A report on hundreds of “staggering and sobering” incidents in Altoona-Johnstown shows a pattern of abusive priests being taken out of circulation only to be placed back in.
As reported by the Atlantic:
On Tuesday, two days after a film about a massive Catholic sex-abuse scandal in Boston won the Academy Award for Best Picture, Pennsylvania’s attorney general released a grand jury report chronicling “staggering and sobering” accounts of sexual abuse in the Diocese of Altoona-Johnstown.
The report alleges that, dating back to the 1970s, “hundreds of children have fallen victim to child predators” in abuse cases that involved over 50 priests and religious leaders in the area:
As wolves disguised as the shepherds themselves—these men stole the innocence of children by sexually preying upon the most innocent and the most vulnerable of our society and of the Catholic faith.
But there at the heart of the report isn’t just the criminal behavior, but criminal callousness in the desire of high-level officials to “avoid public scandal” by keeping abuse quiet and even allowing known predators to remain in commission as members of the clergy.
The information uncovered by the report had previously been kept in files to which only top diocese leaders had access. The documents show that several priests were reprimanded, reassigned, or otherwise briefly sent off to treatment programs or vacations, only to return to serving their original communities or new ones. Others retired and a few were eventually kept from the ministry.

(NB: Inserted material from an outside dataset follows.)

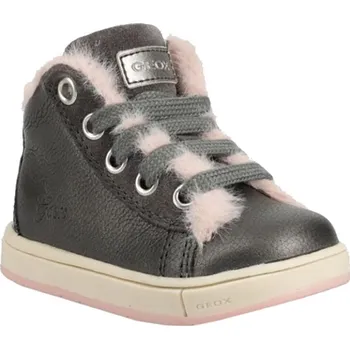 Dívčí kozačky Geox Braun 889939 21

As the Catholic News Service notes, the report, which includes testimony from victims, initially came about after the state’s attorney general was approached by “local law enforcement officials and district attorneys of several counties” with information about the abuse.
Last month, a commission created by Pope Francis to combat such abuse declared it “a moral and ethical responsibility” to report suspected incidents to authorities outside the church, eschewing a longtime dynamic by which denials by clergy have been taken at face value and matters have been kept internal.
But given the prevalence of these scandals and the cover-up culture, it’s difficult to imagine that Altoona-Johnstown will be the last community to have this kind of reckoning. On Tuesday, Pennsylvania Attorney General Kathleen Kane reiterated that the grand jury report into the diocese was just a first step and that investigations are ongoing.